:: Exercise brief ::
The reply must consist of the complete listing, reproduced exactly, with no images included.

-- Provided material follows --

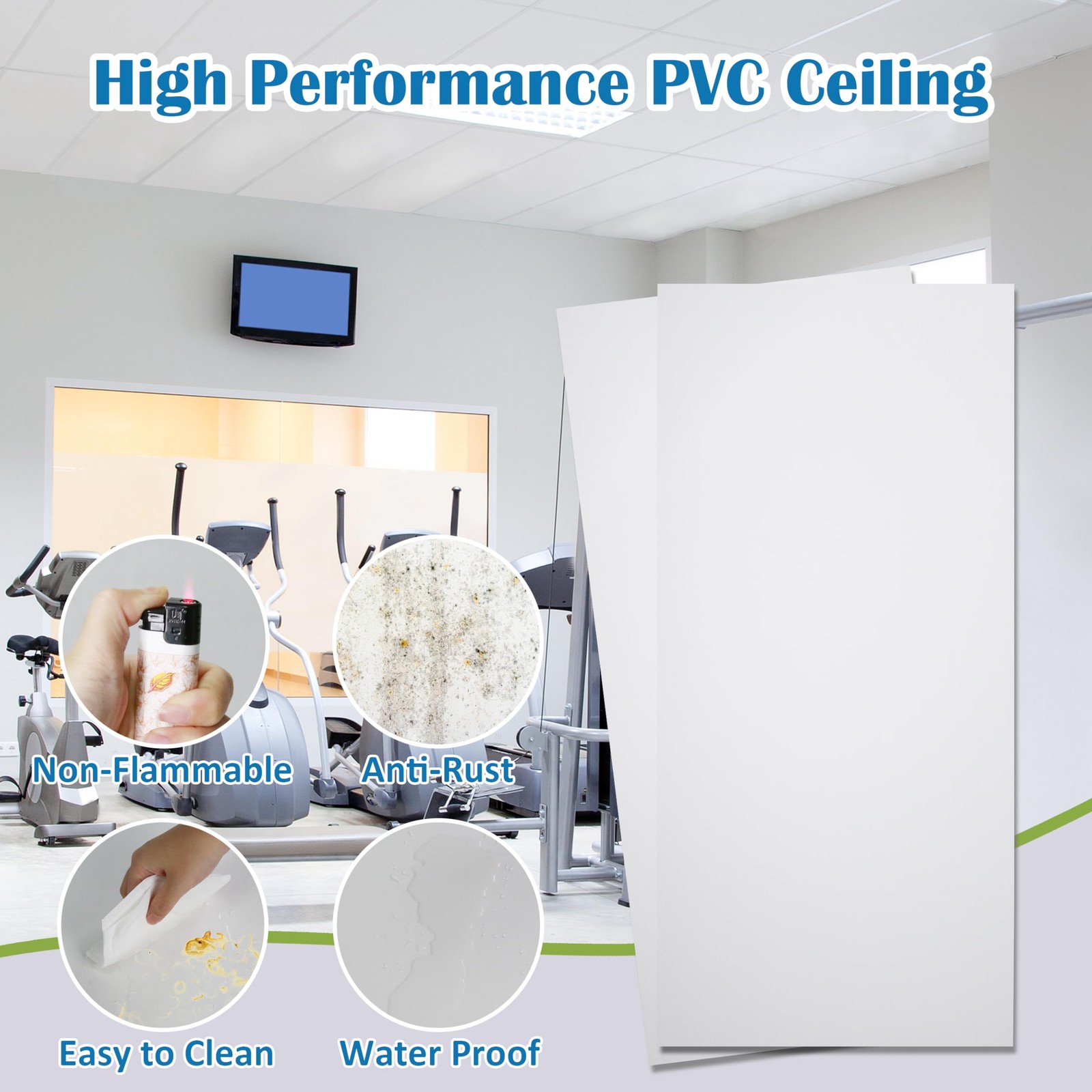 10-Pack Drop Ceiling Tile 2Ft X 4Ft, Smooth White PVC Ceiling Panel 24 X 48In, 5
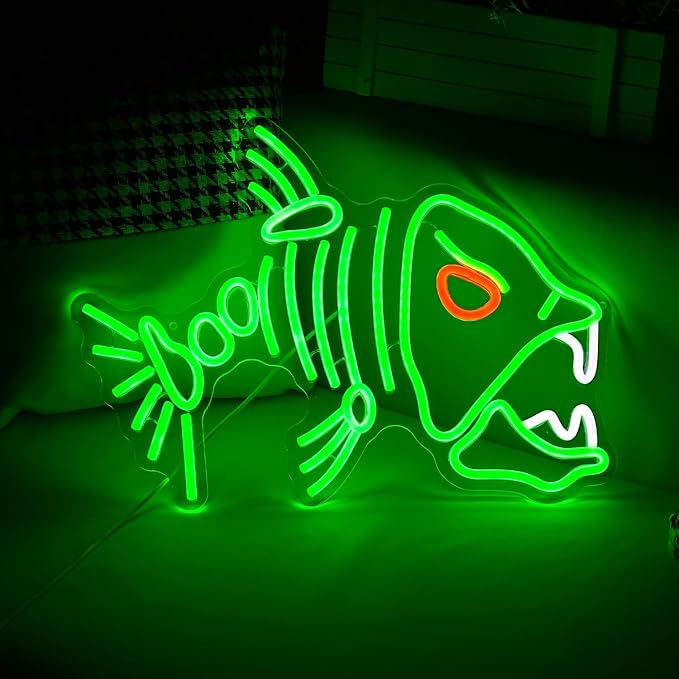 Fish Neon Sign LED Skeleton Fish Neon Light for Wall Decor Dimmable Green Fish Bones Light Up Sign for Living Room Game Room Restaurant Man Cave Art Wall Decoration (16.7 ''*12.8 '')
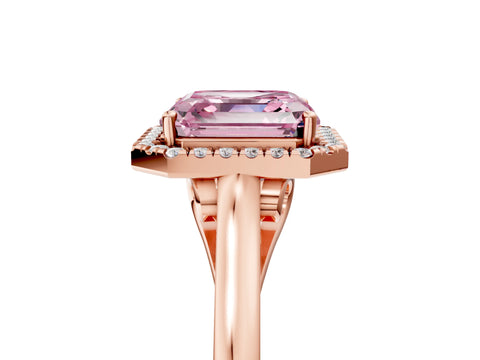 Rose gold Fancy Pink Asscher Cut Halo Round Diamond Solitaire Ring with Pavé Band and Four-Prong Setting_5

-- Provided material concluded --

:: Reply ::
 10-Pack Drop Ceiling Tile 2Ft X 4Ft, Smooth White PVC Ceiling Panel 24 X 48In, 5
 Fish Neon Sign LED Skeleton Fish Neon Light for Wall Decor Dimmable Green Fish Bones Light Up Sign for Living Room Game Room Restaurant Man Cave Art Wall Decoration (16.7 ''*12.8 '')
 Rose gold Fancy Pink Asscher Cut Halo Round Diamond Solitaire Ring with Pavé Band and Four-Prong Setting_5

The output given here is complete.